Mexican Caribbean

A year after Arturo Díaz Sr passed

One year ago, on March 18, 2022, our family suffered a tremendous hit when Arturo Díaz Sr died at the hands of cancer. In the past, we've spoken about how crucial his support was in creating Safe Tours Cozumel, but today I would like to write in honor of my grandfather, not the business-savvy and charitable person, but the scrabble-afternoons-enthusiast and the man who constantly reminded me and everyone around him that we are here on this earth with one mission, and that is to be happy.

Growing up, my abu -what I used to call him- didn't live close to my house; he lived with my uncle in Phoenix, Arizona, and would try to visit my dad and me regularly. I will never forget the excitement of driving to the airport with my dad (right after school, which means I looked like a mess) to pick him up and then telling him every bit of gossip tiny me thought would interest him. But what anyone would see the moment the door to my home was open was me stealing the suitcases from my abu's hands to see all the presents and candy he'd brought me, which came with the bonus of a super fun runway with all the new additions to my wardrobe. Even though my abu was always a fantastic gift-giver, he sometimes brought questionable things -empty bottles, flyers, and basically anything you'd receive after a conference-. 

When my abu would visit, all hell would break loose; he'd put grass on the soup (he claimed it was an accident, but we all know it was a calculated move), spill shampoo in my eyes, tickle me so much it felt like I would pee myself, and duck when he was supposed to catch me in the pool, resulting in me hitting my chin with the top of his head. Truly a menace.

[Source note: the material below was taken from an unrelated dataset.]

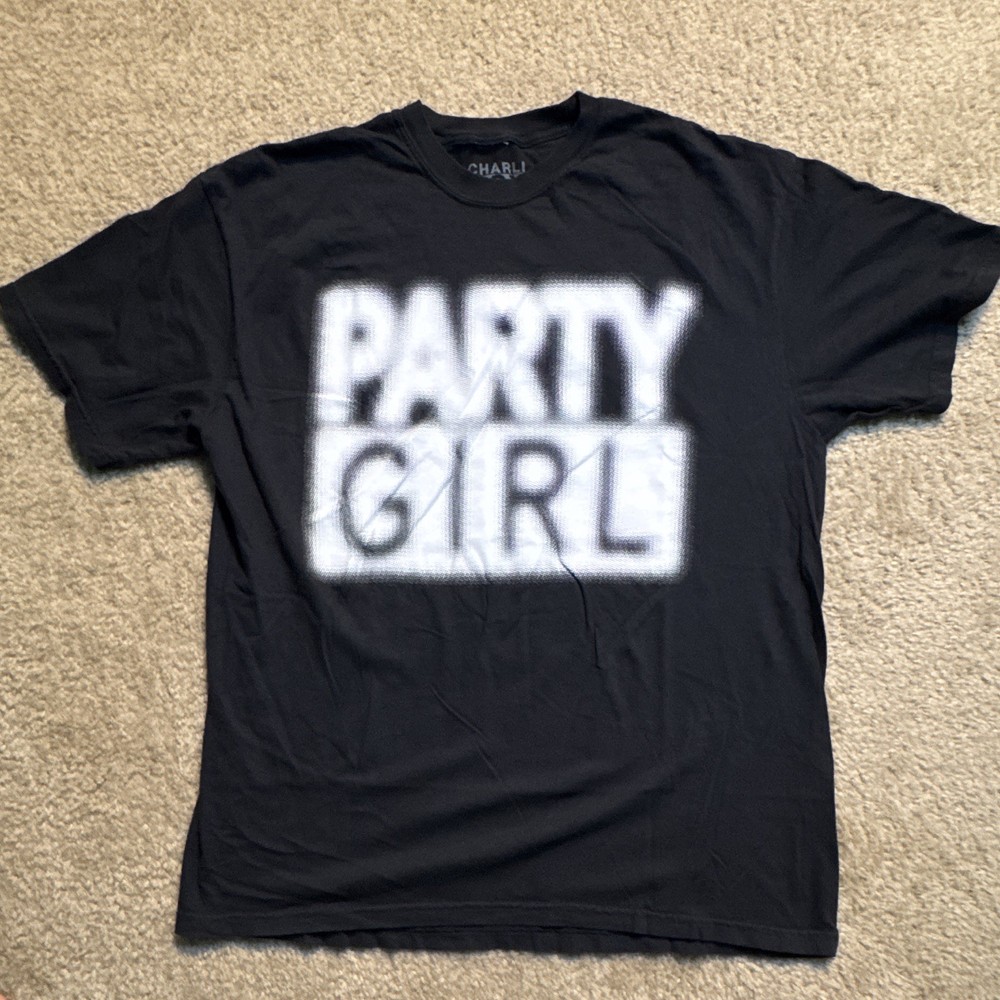 Charli XCX Party Girl Black Graphic Print Tee Shirt Men’s XL Cotton Crew Neck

But apart from all his criminalistic behavior, he played with me the most. We would spend afternoons playing various games; we'd play with my dolls, stuffed animals, domino, scrabble, etc. He even taught me how to play chess, and he lost while trying to do so (my dad says he let me win, but my dad is wrong). One of my last memories with him was of us going to a coffee shop and spending the evening playing scrabble -I won that time too-.

But my abu wasn't only a part of my life when he'd visit me; we'd talk on the phone and always tell each other jokes. It got to the point that whenever a classmate would make a joke, I would create a mental note to share it with him when he called me.

Another thing I vividly remember about him was his love for walking (which I find surprising for someone who fell a lot) and his insistence on having me join him. Looking back on it, his fondness for such a healthy habit wouldn't have struck me so much if his attire hadn't been dress shirts and pants that always ended up dripping with sweat (which is to be expected when visiting an island...in the Caribbean). Another thing I remember in detail is him taking me, Gaby, and Ale to the park, where we'd play for hours, and he'd end up carrying us back. I know that even though Gaby and Ale weren't his blood relatives, he saw them as his grandchildren, and I also know that their hearts shattered like mine when they heard about his passing.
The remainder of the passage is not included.